La importancia de la prevención y el diagnóstico temprano resulta fundamental para evitar consecuencias graves como infartos, accidentes cerebrovasculares, insuficiencia cardíaca, daño renal y problemas circulatorios. Por este motivo, los controles médicos periódicos son esenciales incluso en personas jóvenes y aparentemente sanas.
Dentro de los estudios preventivos más importantes se encuentran el control de presión arterial en consultorio, electrocardiogramas, ecodoppler cardíaco, pruebas de laboratorio, monitoreos ambulatorios de la presión arterial y estudios cardiovasculares específicos según cada paciente. A su vez, adoptar hábitos saludables puede marcar una gran diferencia: mantener una alimentación equilibrada, reducir el consumo de sal, realizar actividad física de manera regular, evitar el tabaco y controlar el estrés son medidas claves para proteger la salud cardiovascular.
En este contexto, el servicio de Cardiología del Sanatorio Urquiza cumple un rol fundamental en la prevención, diagnóstico y tratamiento de enfermedades cardiovasculares. El área cuenta con profesionales especializados y equipamiento orientado a brindar atención integral a pacientes de todas las edades, promoviendo controles periódicos y seguimiento personalizado para detectar factores de riesgo de manera temprana.
El trabajo interdisciplinario y la atención médica oportuna permiten acompañar a cada paciente en el cuidado de su salud cardíaca, ofreciendo herramientas para mejorar la calidad de vida y prevenir complicaciones futuras. La detección precoz de la hipertensión y otras patologías cardiovasculares es uno de los pilares fundamentales para reducir riesgos y fomentar hábitos saludables en la comunidad.
Cada 17 de mayo se conmemora el Día Mundial de la Hipertensión Arterial, una fecha impulsada por organismos internacionales de salud con el objetivo de generar conciencia sobre la importancia de controlar regularmente la presión arterial. Durante esta jornada se realizan campañas informativas de prevención destinadas a recordar que una medición simple y periódica puede salvar vidas.

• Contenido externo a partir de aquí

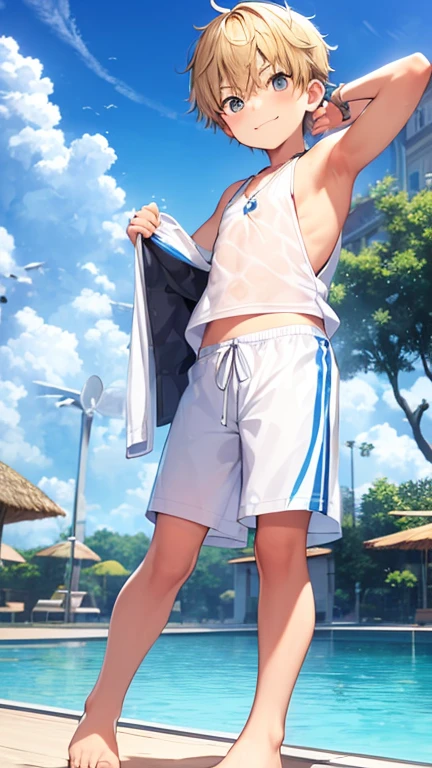 动漫男孩站On the beach的冲浪板上,People in the background, from, Fine details, standing At the beach上, Smooth anime CG art, At the beach上, At the beach, On the beach, Cool anime poses, Inspired by Border Guardians, Artwork in the style of Guweiz, Heat and sun very detailed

La hipertensión afecta a millones de personas en todo el mundo y continúa siendo uno de los principales factores de riesgo cardiovascular. Por ello, especialistas insisten en la necesidad de incorporar hábitos saludables desde edades tempranas y realizar consultas médicas periódicas, incluso cuando no existen síntomas visibles.
Cuidar la presión arterial es cuidar el corazón, el cerebro y la calidad de vida. La prevención, el diagnóstico temprano y el acompañamiento médico adecuado siguen siendo las herramientas más eficaces para combatir una enfermedad silenciosa, pero prevenible y controlable.